The most important thing to remember is that you do not have to pay if you are not happy with the reading you have received. Psychics and Mediums who make money from their services are covered by ‘The Consumer Protection from Unfair Trading Regulations 2008′, just like any other trader, that means there are certain rules they have to abide by when offering a service to ensure they are trading legally.
Traders who do not comply with these regulations face investigation by their local authority’s trading standards service and other bodies, which can lead to prosecution and/or fines.
This is good for customers because it means you have more protection as a consumer and you can feel assured that steps have been taken to ensure you’re not being misled by the people or businesses you purchase goods or services from – and if you are misled, that there is something that can be done about it.
Even if the psychic show claims to be for entertainment purposes only, the fact they’re trading or performing under the title of ‘psychic’ or ‘medium’ and claiming to talk to the dead could mean you are entitled to get your money back.

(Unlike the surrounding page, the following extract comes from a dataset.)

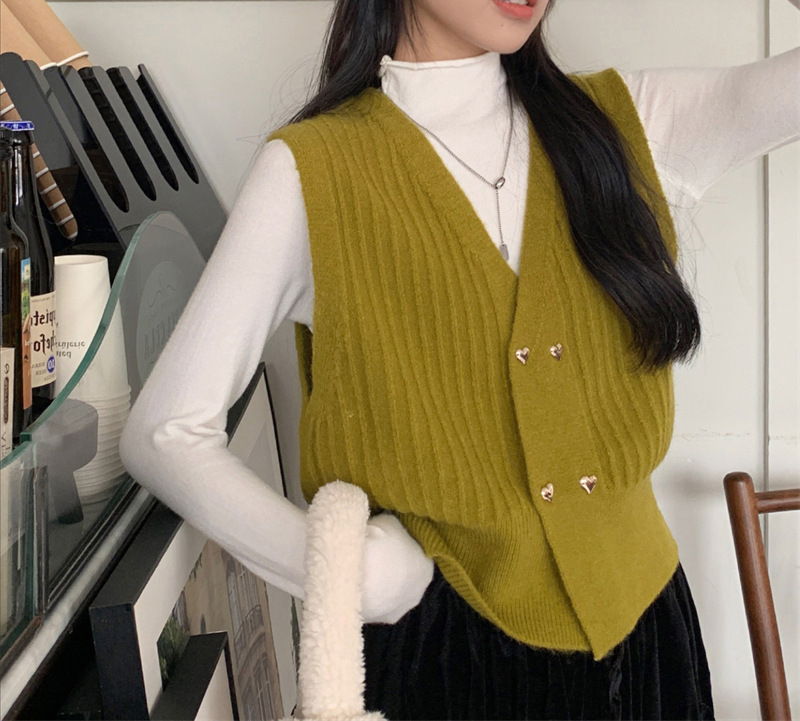 Horse clip spring and autumn women's double-breasted V-neck vertical striped sleeveless knitted vest V-neck cardigan top vest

However this would depend upon the terms & conditions of the theatre you purchase the ticket from.
You can read here a guide for businesses that outlines behaviours and tactics that are not legal for them to do. It’s gives insight into things you may have witnessed as a customer that you didn’t realise the trader shouldn’t be doing.
Be a clever customer
It always pays to plan ahead, and just as you would with anything else you might purchase you can do the following things to try and avoid being misled. The following tips can also help you should you come to think you’ve been conned:
- Try conducting a google search prior to the reading (many consumer sites allow people to input their bad experiences as a customer. By typing the name, address or phone number of a business into google you can find some insightful comments)
- Clarify what you are paying for (i.e. are you paying for their alleged ability, or are you paying for their time and premises hire?)
- Ask for a receipt or invoice (if the Psychic or Medium refuses then do NOT hand over any money and leave immediately)
Make a note of the trading address of the Psychic or Medium, or the address at which your reading is taking place (or phone number from which the reading is being given)
- Always record your readings for future reference (if the Psychic or Medium refuses this do NOT proceed)
Think of paying a psychic like paying someone to fix your boiler – if you don’t think something seems right, trust your instinct and put the transaction on hold.
Resolving a problem
Usually, the best thing to do is to talk to the trader you have had a problem with. However, this isn’t always viable. If you can contact the trader, doing so by writing offers you a written copy of all contact made should you need it for future reference. Make sure you keep a copy of all letters you send to them and if you do not hear back within 10 – 14 days, write again. If no reply is made then, it may be time to take things a step further.
If you are in doubt over a service or product you have paid for, but you don’t hear back from the person you purchased it from, never allow their silence to put you off from persuing a complaint.
You can make a complaint to Consumer Direct online here
Find your local Trading Standards office here
Psychic scams by post , phone & print
According to Directgov, the UK governments digital service for people in England and Wales:
‘Psychic or clairvoyant scams approach you by sending you a letter. The letters can either:
-be aggressive – saying something terrible will happen to you if you don’t pay them
-predict wonderful things happening in your future and request money for a full report.
People have lost thousands of pounds paying for these fake reports… Clairvoyants and psychic scams are one of the most common scams sent by post. Identical letters are sent to thousands of other people to trick them ‘
Consumer direct have a great example of a psychic mail scam here
If you receive one of these letters do NOT respond to it. If it has a company name or contact details try to phone Consumer Direct and pass on the details. You can stop unwanted mail here.
Similarly, if you should be contacted by phone you can contact the Telephone Preference Service to opt out of marketing calls and similar.
If you have seen misleading advertising (in newspapers, magazines, or posters and leaflets, or even on websites) you can make a complaint to the Advertising Standards Authority via their website, which is a great way to help stop others being scammed too.